I recently picked up John Robbins’ excellent Debugging Microsoft .NET 2.0 Applications and was flipping through it to discover just what new things I would learn and/or remind myself of. His brilliant description of setting up a local symbol server could not have been more well-timed – I spoke with a customer literally the next day who a symbol server was the perfect solution for, and rather than having them wade through the documentation to understand exactly how to do this, I could just lift up the book (as I said, it was litterally the next day, so it was still in my bag) and say “get this and go to this chapter.” Saved me a lot of time, and solved a serious customer isue.
However, I did notice one thing that may cause some grief on Windows Vista due to Session 0 isolation. In Windows Vista, you see, services alone run in Session 0. This provides defense in depth against elevation of privlege attacks (supported also by MIC, UIPI, etc.). You can no longer send a windows message to a service. The boundary of a windows message, you see, is the desktop. Each desktop lives in a Windows Station, each Windows Station lives in a Session, and if you aren’t even in the same session, you certainly can’t send a windows message.
How is this relevant? Well, here John talks about using gflags.exe to configure startup options for the service. He sets everything up correctly, and launches windbg when the service is launched. Except he is launching windbg directly. In the same desktop. The desktop you are no longer looking at, because you are in Session 1 or higher, and not Session 0. An easy assumption to make, and one that service debuggers have been using successfully for quite a long time. Not a huge deal, but you can set up an even better solution using the implementation of remote debugging in our debugging tools.
Here is how you can set up and debug a service on Vista and have everything appear in your default desktop:
- Configure the service control manager to be a bit more patient.
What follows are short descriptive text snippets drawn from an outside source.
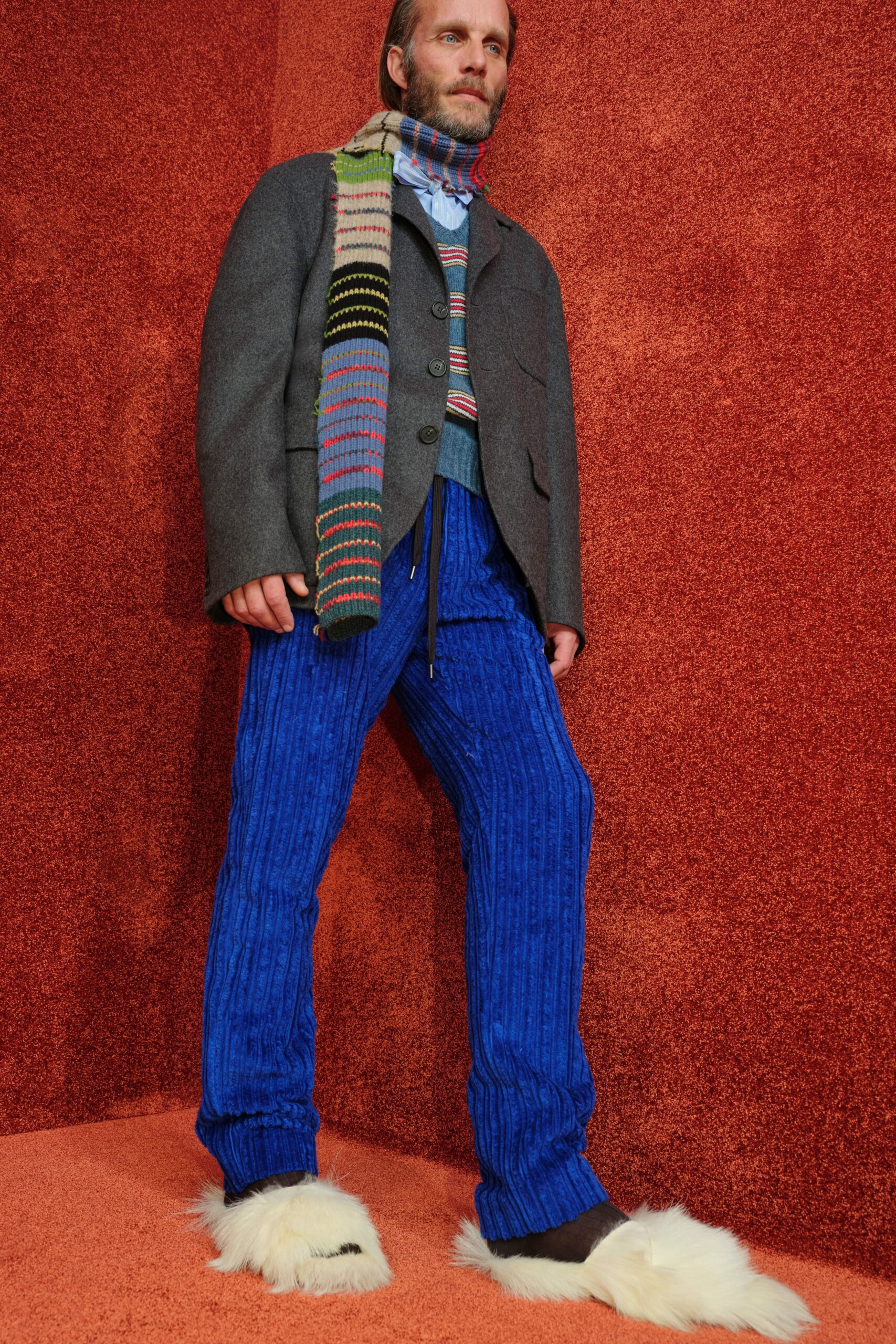 gray wool coat with blue pants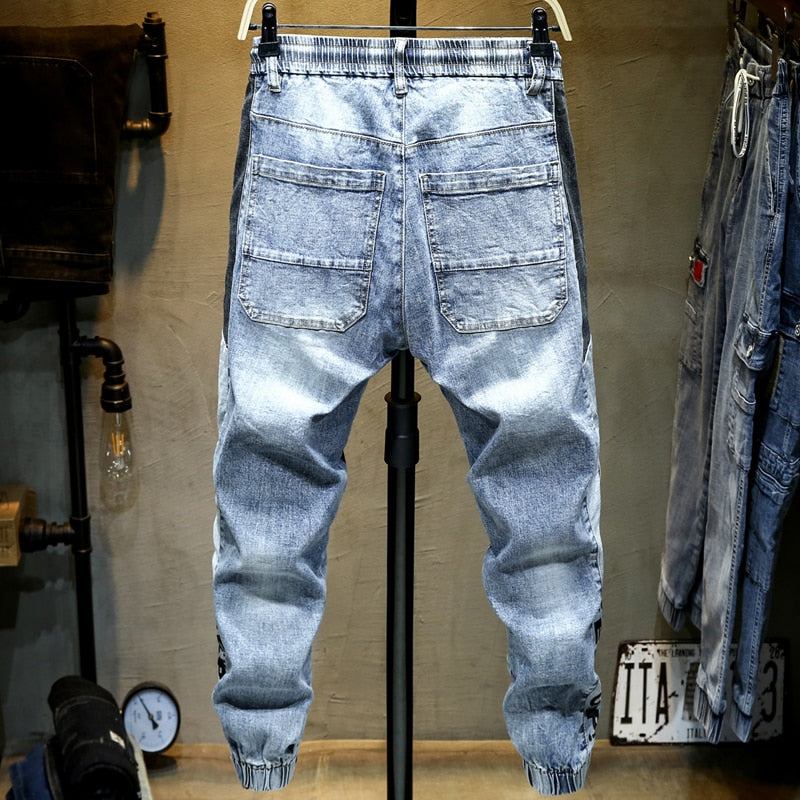 Elastiske Jeans Herre Med Snøre I Taljen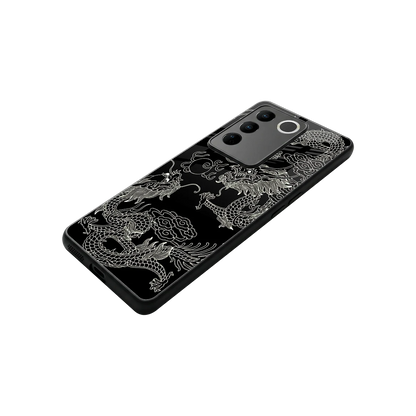 Dragons Black stylish phone case for vivo v27 5g | glossy glass and slim fit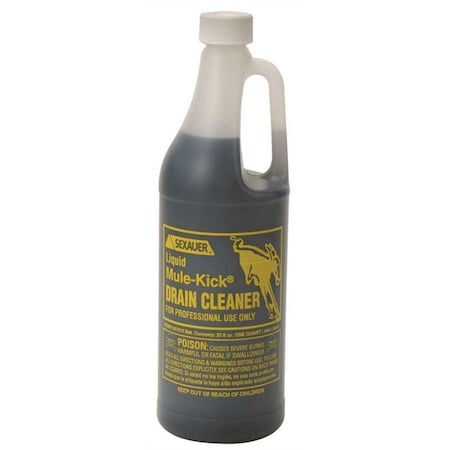 Mule Kick DRAIN CLEANER LIQUID, QUART, 12PK 25-1011R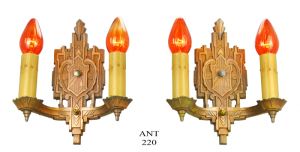 Art Deco Wall Sconces Antique Bare Bulb Candle Style 1930s Lights (ANT-220)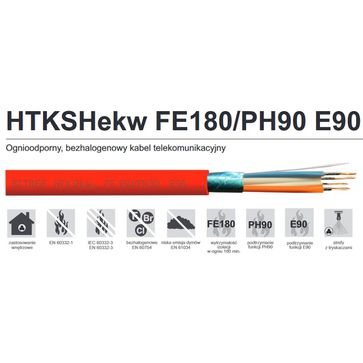HTKSHekw FE180/PH90 E90 - Kable Ognioodporny, bezhalogenowy telekomunikacyjny ekranowany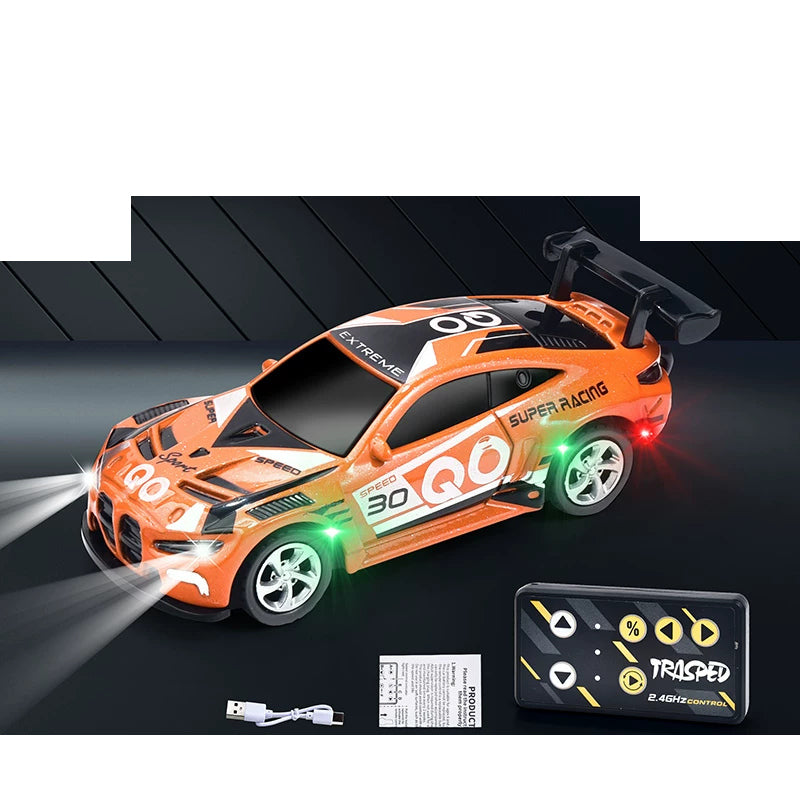 Mini RC Racing Coupe with Controller and Trailer Choices: Orange mini RC car and mini controller; package version selected separately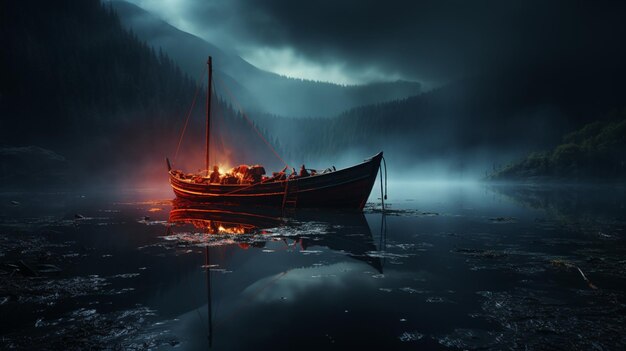 Boat at night on the sea with fog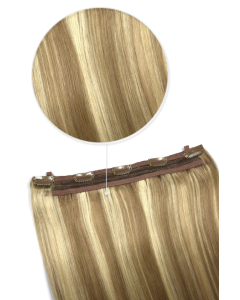 Remy Human Hair extensions Quad Weft straight 18" - blond 18/613#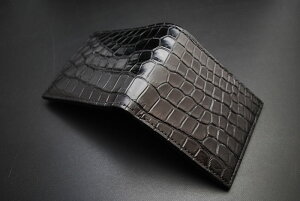 FUNNY/ファニー≪ビルフォードクロコダイル・ポロサスブラック≫二つ折り/財布/本革/牛革/ウォレット/誕生日/財布/ウォレット/ラッピング【楽ギフ_包装】【送料無料】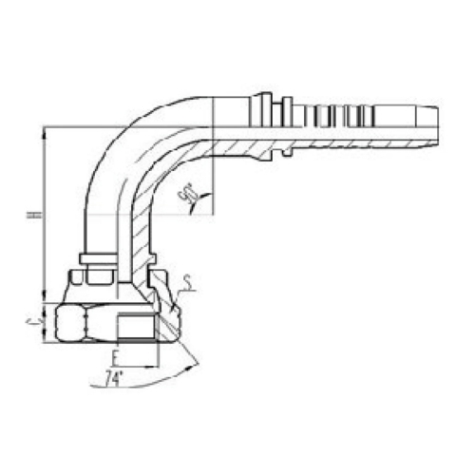 90°美製內螺紋74°內錐麵密封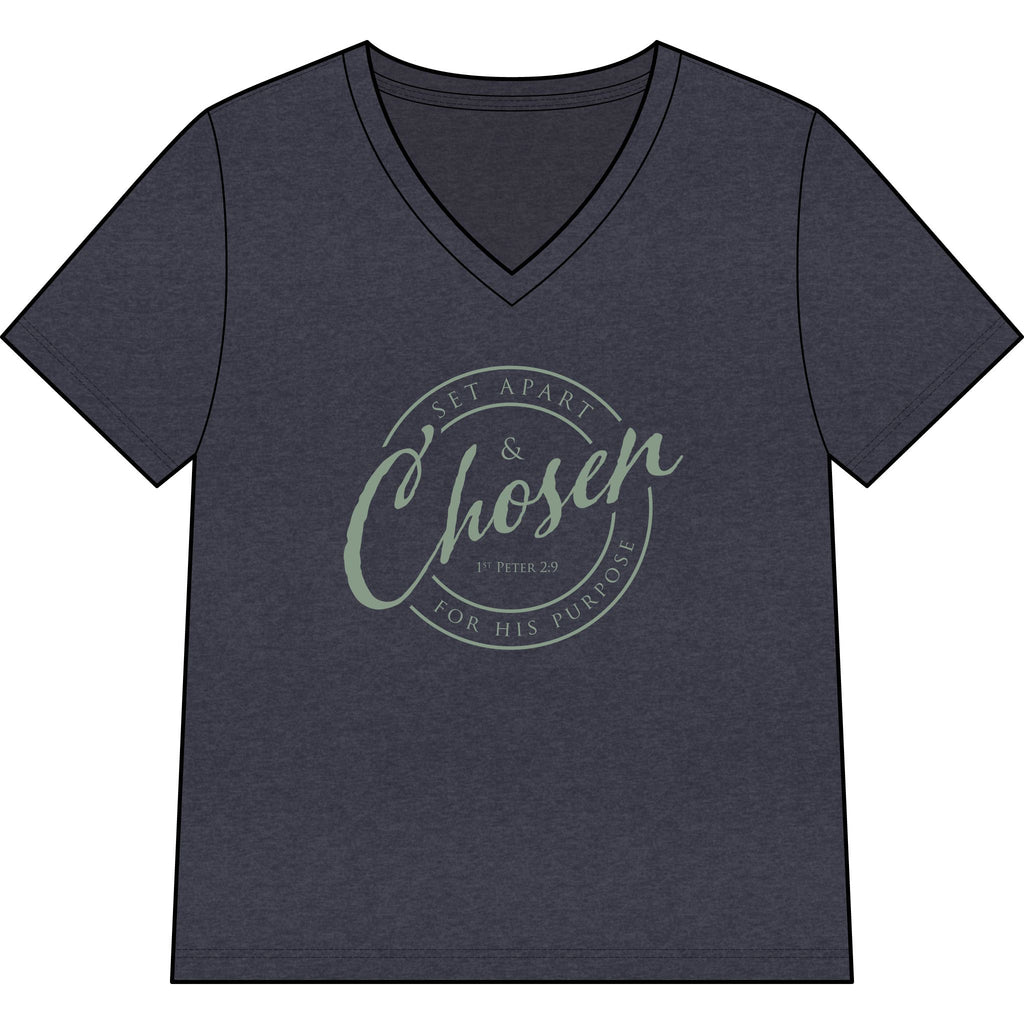 Chosen — SAGE — Christian Women's V-Neck Tee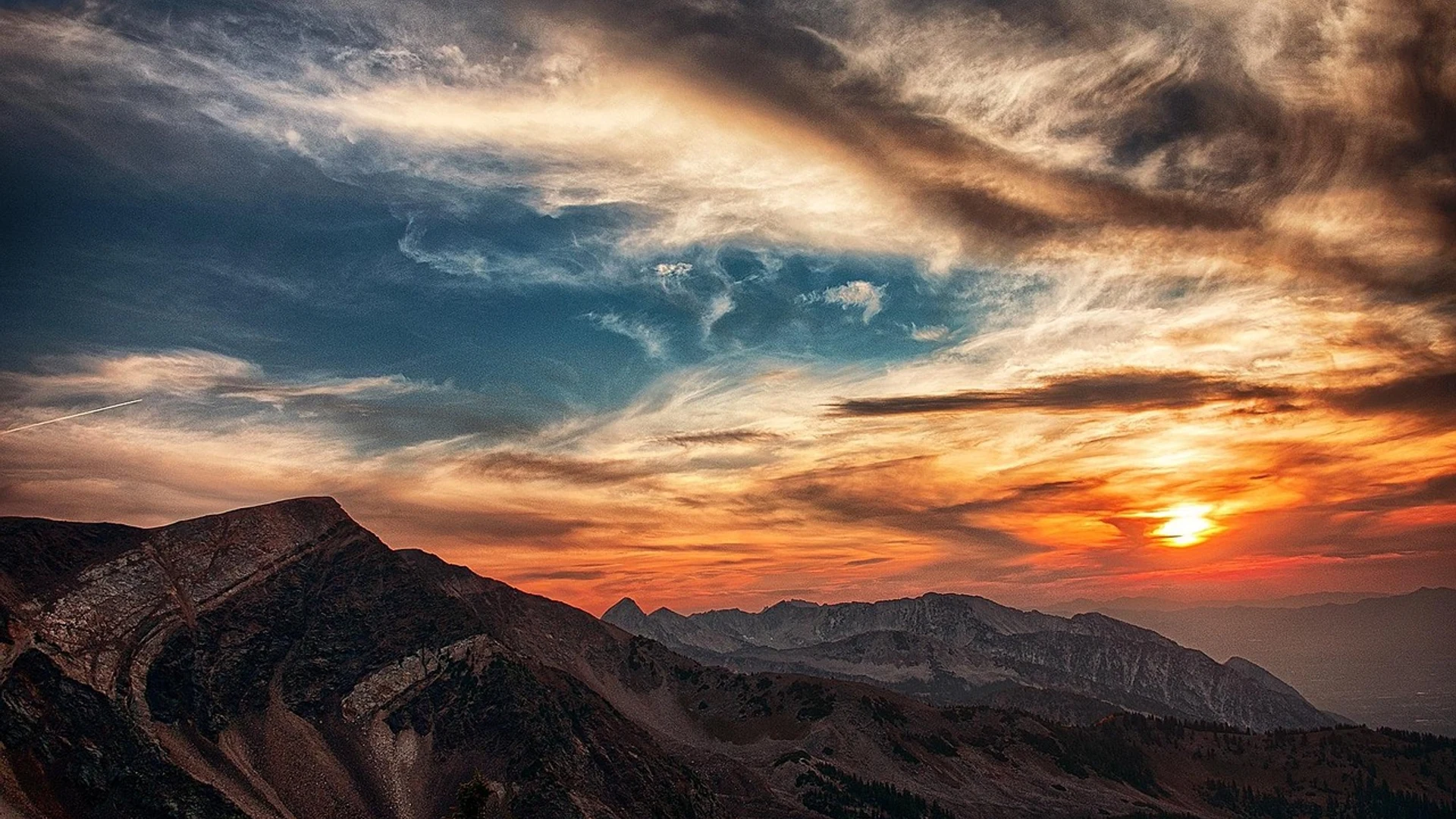 Mountains peak sunset - free hd sunset wallpaper for desktop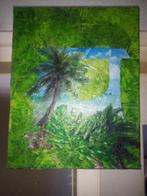 Decoupage kunstwerk op doek, de hart chakra, Ophalen of Verzenden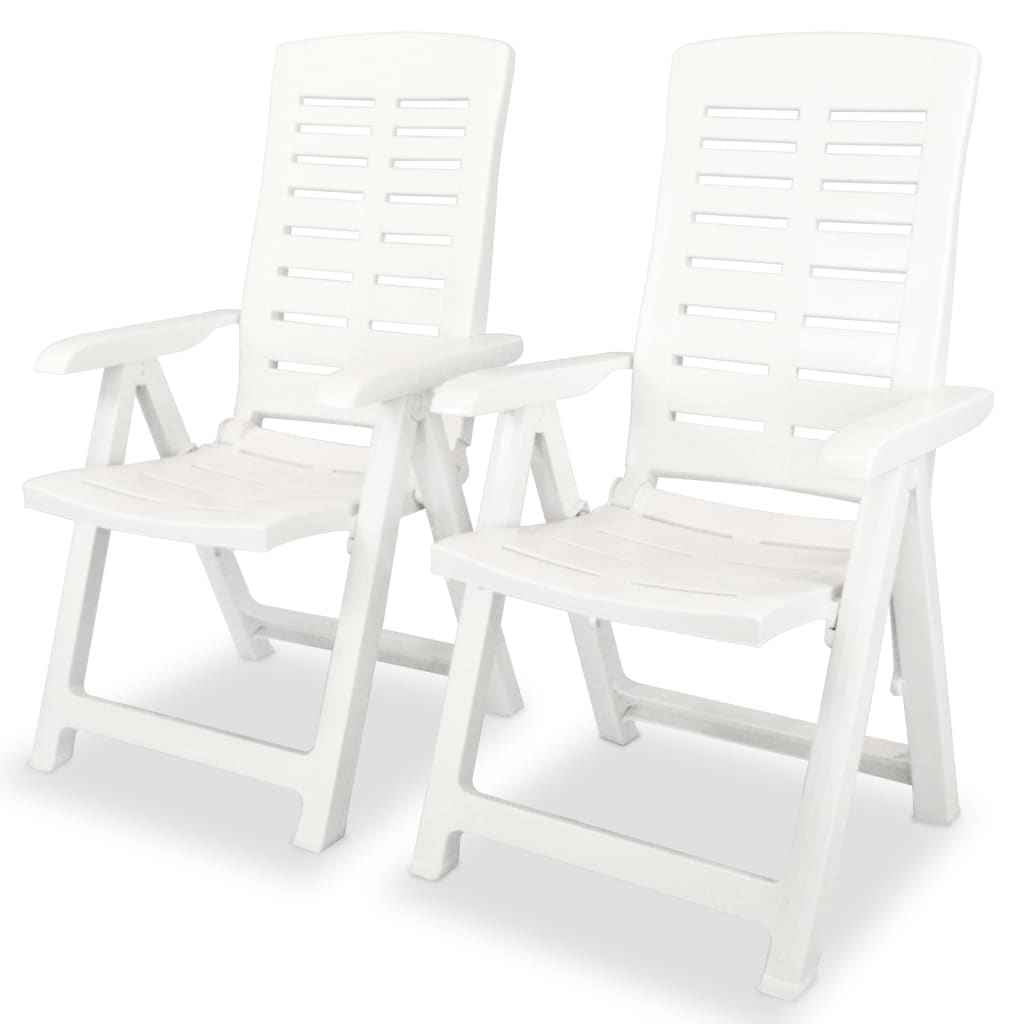 vidaXL Cadeiras de jardim reclináveis 4 pcs plástico branco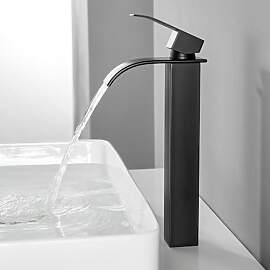 CECIPA Wasserhahn Bad Schwarz Hoch,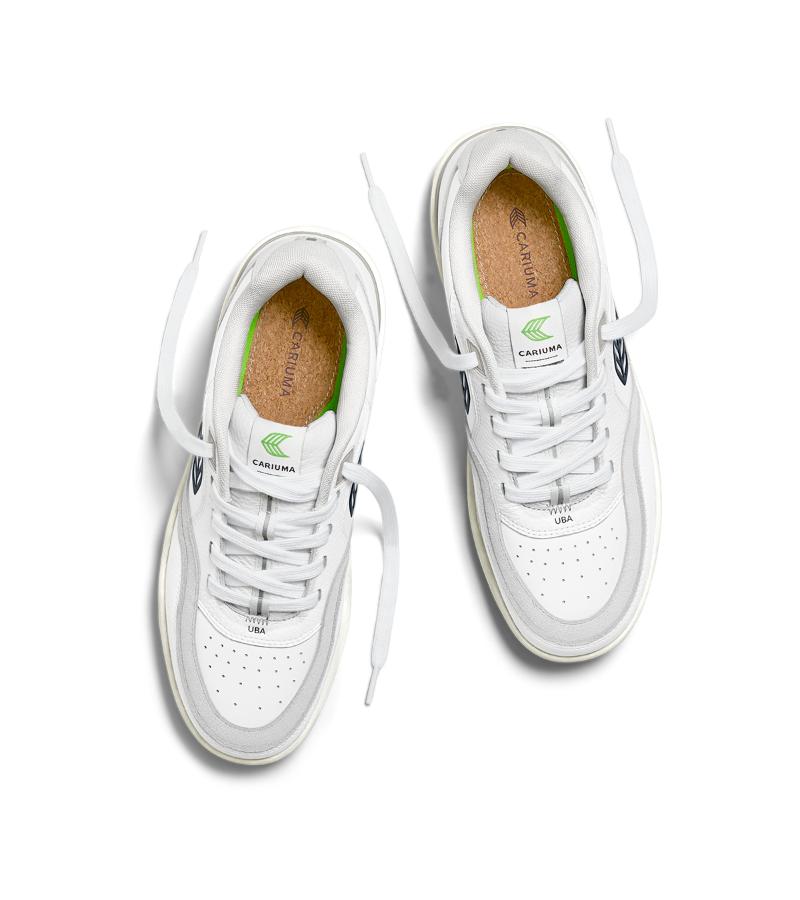 UBA White Leather Black Logo Sneaker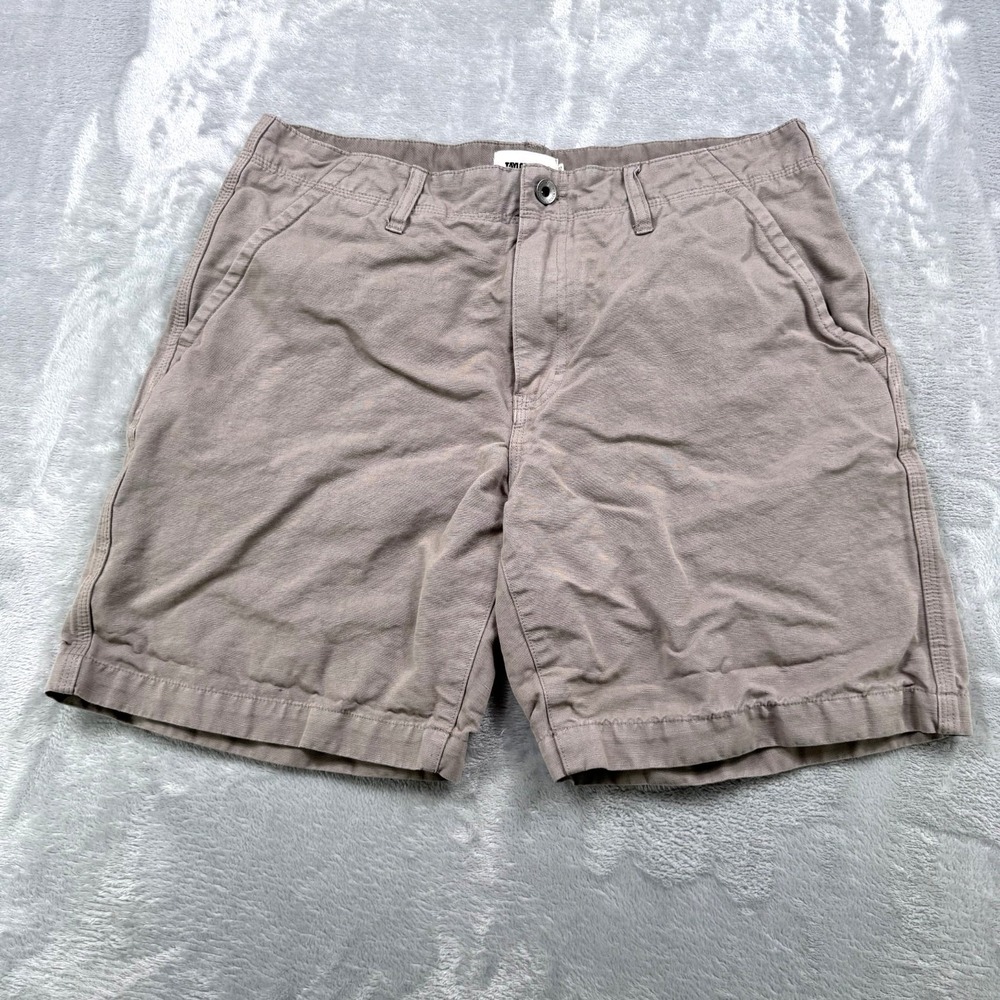 Taylor Stitch Foundation Shorts Mens 32 Khaki Cotton Linen Blend Chino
It likes to detect hung services and restart them, and if you are debugging you are intentionally hanging the service in the debugger and you don’t want it restarted. So you can add a new DWORD value called ServicesPipeTimeout to HKEY_LOCAL_MACHINE SYSTEM CurrentControlSet Control, and set the value as the number of milliseconds you want to configure the timeout for. Set this guy to 28,800,000 and you’ll get 8 hours of interruption-free debugging. (Obviously, you probably want to set this back or remove it when you are done, because it’s nice not to have hung services just stay hung for 8 hours.)
- Tell the SCM to start the debugger. But, instead of launching WinDBG, launch NTSD and set up a remote. In the registry again, configure HKEY_LOCAL_MACHINE SOFTWARE Microsoft Windows NT CurrentVersion Image File Execution Options <name of the service exe> Debugger, and instead of directly feeding it WinDBG, tell it to launch NTSD and set up a remote. On my machine, I have my debugging tools installed to c:debuggers, so I provide the value of C:Debuggersntsd.exe -server tcp:port=1234 -noio. (Any unused TCP port will do – pick your favorite.)
- Reboot the machine, so the SCM will pick up the new information.
- Attach WinDBG to the remote you now have running using windbg.exe -remote tcp:server=localhost,port=1234
- Start debugging!
Of course, you can also use the gflags approach John recommends. The only difference here is setting up a remote rather than launching WinDBG directly. Now, don’t let this dissuade you from picking up John’s book (or attending one of his classes in person). Obviously none of you write applications with bugs, but I bet your co-workers do, and you wouldn’t want to miss out on all of the great tips in here!
I have heard some feedback from folks who are trying to use this technique to debug services experiencing some problems. If the service you are attempting to debug is an auto-start service (I recommend you change this configuration for the service you are trying to debug), you will block any demand start services. They will queue up behind the auto-start services that the service control manager is attempting to start.
As an example, this will block UAC from working correctly, as the AppInfo service (which is the back end for elevation) is a demand start service.
Other demand start services will see similar behavior. Just wanted to make sure you know what to expect.
(I also updated the timeout to actually be 8 hours instead of 0.8 hours – I neglected a 0.)